We visited just over six months before September 11 2001. You'd have thought that this might have proved a challenge to the popularity of an Islamic country as a tourist destination, but it didn't seem to affect Dubai. However I have no way of knowing whatever happened to our Afghan driver, Mohammed who no doubt had to shelve his dreams of moving to London.

Now of course Dubai World (the company behind much of the highest visibility development) had to request a delay to payments leading. After much uncertainty Abu Dhabi, the oil rich neighbour with less vertiginous but seemingly more stable growth backed by natural resources, stepped in with support. Consequently the world's tallest building, constructed with the name Burj Dubai, was renamed Burj Khalifa on opening, seemingly in tribute to Abu Dhabi's ruler Sheikh Khalifa.

So with much schadenfreude from some financial analysts, it is no longer clear if Dubai will build the second and third planned artificial palm islands. The third and biggest of which is planned to be bigger than the ilê de France, on which stands Paris. Here is an interesting fact, the existing palm island required so much hardcore for its foundations that, collected together it could build a 2m x 2m wall three times round the earth! I don't know whether to be awed or terrified by this fact.

So that feeling of schadenfreude is understandable on many levels. Dubai is painfully shallow and nouveau riche. I thought Beijing was money-obsessed till I went back to Dubai.

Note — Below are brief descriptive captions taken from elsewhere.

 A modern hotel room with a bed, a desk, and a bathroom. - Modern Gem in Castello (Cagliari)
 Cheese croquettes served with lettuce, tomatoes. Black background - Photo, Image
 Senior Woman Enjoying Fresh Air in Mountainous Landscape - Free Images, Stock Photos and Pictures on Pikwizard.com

But at the same time I do have respect for their efforts to build an economy based on trade and property markets without the resource wealth of abu dhabi or the support-tinged with religious overtures given by Saudi Arabia to neighbouring emirate Sharjah.

One element of Dubai I have no problem admiring is it's openess and international atmosphere. You only need to take a walk along the working creek on the Deira side and note where goods are in transit to and from to feel a part of international trade and exchange. You'd think that rather than taking some delight in its financial stutters, western countries would be as supportive as possible of dubai's interpretation of Islam with freedom of different worship and acceptance of Egyptian legal codes rather than the sometimes scary-seeming Sharia law.

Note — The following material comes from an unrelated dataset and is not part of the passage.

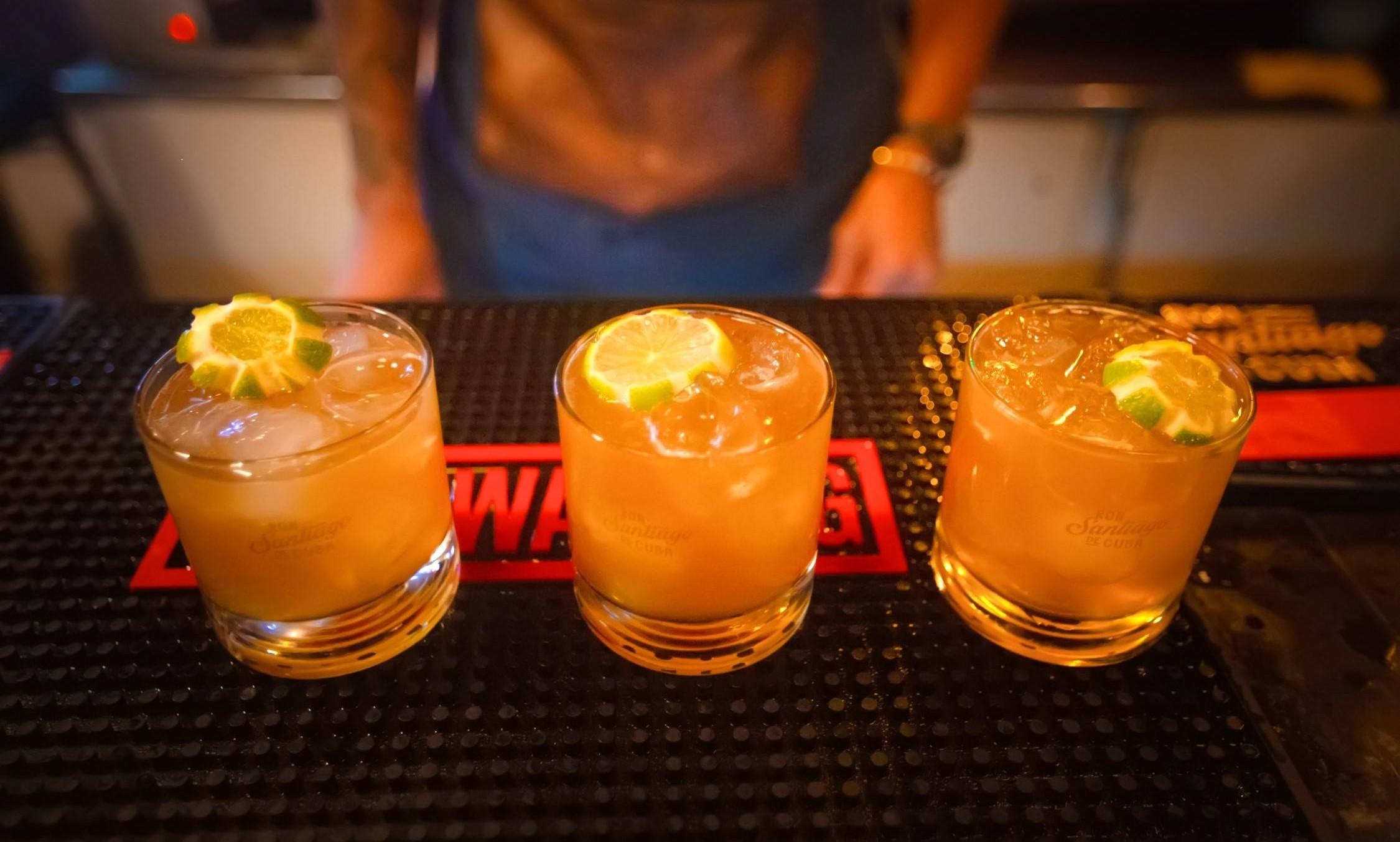 Close up of three lime garnished cocktails on a bar mat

But of course, despite this openess, massive disparities exist in this 'society'. I use inverted commas because in truth there are none of the cohesive elements of a shared society in evidence. Little or no tax, no universal healthcare or education for resident migrants, hell there isn't even a postal service. As early as the queue for passport control, we experienced Emiratees treating workers from Asia with ill disguised contempt, whilst not even questioning our visas.

So in conclusion, despite building many of the world's biggest buildings and creating a man made island, Dubai for me remains a compelling and interesting place to visit, but way too disjointed a place to ever consider living there. Which is lucky really, since we've no pending offers.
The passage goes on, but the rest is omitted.